◆ Directions ◆
Write out all of the data again, exactly as it reads.

::::

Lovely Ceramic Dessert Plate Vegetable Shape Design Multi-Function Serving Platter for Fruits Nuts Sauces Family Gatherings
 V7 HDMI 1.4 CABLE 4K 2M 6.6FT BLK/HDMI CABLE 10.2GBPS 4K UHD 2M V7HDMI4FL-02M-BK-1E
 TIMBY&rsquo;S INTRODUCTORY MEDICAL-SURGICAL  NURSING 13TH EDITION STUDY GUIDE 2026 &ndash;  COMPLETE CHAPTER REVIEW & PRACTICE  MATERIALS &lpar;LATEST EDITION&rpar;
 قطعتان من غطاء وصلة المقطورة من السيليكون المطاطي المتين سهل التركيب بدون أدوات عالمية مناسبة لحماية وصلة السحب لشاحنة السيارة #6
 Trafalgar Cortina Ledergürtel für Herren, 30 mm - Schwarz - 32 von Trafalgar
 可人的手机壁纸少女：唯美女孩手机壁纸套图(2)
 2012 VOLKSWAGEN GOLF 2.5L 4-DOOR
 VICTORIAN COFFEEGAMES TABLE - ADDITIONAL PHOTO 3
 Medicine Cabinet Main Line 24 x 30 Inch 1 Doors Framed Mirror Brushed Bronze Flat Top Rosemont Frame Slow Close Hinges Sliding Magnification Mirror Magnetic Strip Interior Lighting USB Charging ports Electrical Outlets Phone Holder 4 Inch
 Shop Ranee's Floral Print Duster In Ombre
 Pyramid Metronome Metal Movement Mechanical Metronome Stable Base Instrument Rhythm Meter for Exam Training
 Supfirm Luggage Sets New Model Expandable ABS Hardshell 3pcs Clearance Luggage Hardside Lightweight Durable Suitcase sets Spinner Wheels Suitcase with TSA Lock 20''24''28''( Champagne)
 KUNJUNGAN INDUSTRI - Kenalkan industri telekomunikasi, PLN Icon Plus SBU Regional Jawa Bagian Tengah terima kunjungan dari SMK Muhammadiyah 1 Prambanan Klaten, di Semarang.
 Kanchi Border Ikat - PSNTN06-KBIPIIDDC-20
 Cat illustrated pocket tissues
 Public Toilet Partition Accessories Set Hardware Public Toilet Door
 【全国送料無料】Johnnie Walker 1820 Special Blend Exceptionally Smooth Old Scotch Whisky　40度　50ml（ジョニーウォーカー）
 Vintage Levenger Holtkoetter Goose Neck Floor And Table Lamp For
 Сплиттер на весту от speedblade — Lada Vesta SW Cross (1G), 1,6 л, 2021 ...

::::

◆ Answer to this problem ◆
Lovely Ceramic Dessert Plate Vegetable Shape Design Multi-Function Serving Platter for Fruits Nuts Sauces Family Gatherings
 V7 HDMI 1.4 CABLE 4K 2M 6.6FT BLK/HDMI CABLE 10.2GBPS 4K UHD 2M V7HDMI4FL-02M-BK-1E
 TIMBY&rsquo;S INTRODUCTORY MEDICAL-SURGICAL  NURSING 13TH EDITION STUDY GUIDE 2026 &ndash;  COMPLETE CHAPTER REVIEW & PRACTICE  MATERIALS &lpar;LATEST EDITION&rpar;
 قطعتان من غطاء وصلة المقطورة من السيليكون المطاطي المتين سهل التركيب بدون أدوات عالمية مناسبة لحماية وصلة السحب لشاحنة السيارة #6
 Trafalgar Cortina Ledergürtel für Herren, 30 mm - Schwarz - 32 von Trafalgar
 可人的手机壁纸少女：唯美女孩手机壁纸套图(2)
 2012 VOLKSWAGEN GOLF 2.5L 4-DOOR
 VICTORIAN COFFEEGAMES TABLE - ADDITIONAL PHOTO 3
 Medicine Cabinet Main Line 24 x 30 Inch 1 Doors Framed Mirror Brushed Bronze Flat Top Rosemont Frame Slow Close Hinges Sliding Magnification Mirror Magnetic Strip Interior Lighting USB Charging ports Electrical Outlets Phone Holder 4 Inch
 Shop Ranee's Floral Print Duster In Ombre
 Pyramid Metronome Metal Movement Mechanical Metronome Stable Base Instrument Rhythm Meter for Exam Training
 Supfirm Luggage Sets New Model Expandable ABS Hardshell 3pcs Clearance Luggage Hardside Lightweight Durable Suitcase sets Spinner Wheels Suitcase with TSA Lock 20''24''28''( Champagne)
 KUNJUNGAN INDUSTRI - Kenalkan industri telekomunikasi, PLN Icon Plus SBU Regional Jawa Bagian Tengah terima kunjungan dari SMK Muhammadiyah 1 Prambanan Klaten, di Semarang.
 Kanchi Border Ikat - PSNTN06-KBIPIIDDC-20
 Cat illustrated pocket tissues
 Public Toilet Partition Accessories Set Hardware Public Toilet Door
 【全国送料無料】Johnnie Walker 1820 Special Blend Exceptionally Smooth Old Scotch Whisky　40度　50ml（ジョニーウォーカー）
 Vintage Levenger Holtkoetter Goose Neck Floor And Table Lamp For
 Сплиттер на весту от speedblade — Lada Vesta SW Cross (1G), 1,6 л, 2021 ...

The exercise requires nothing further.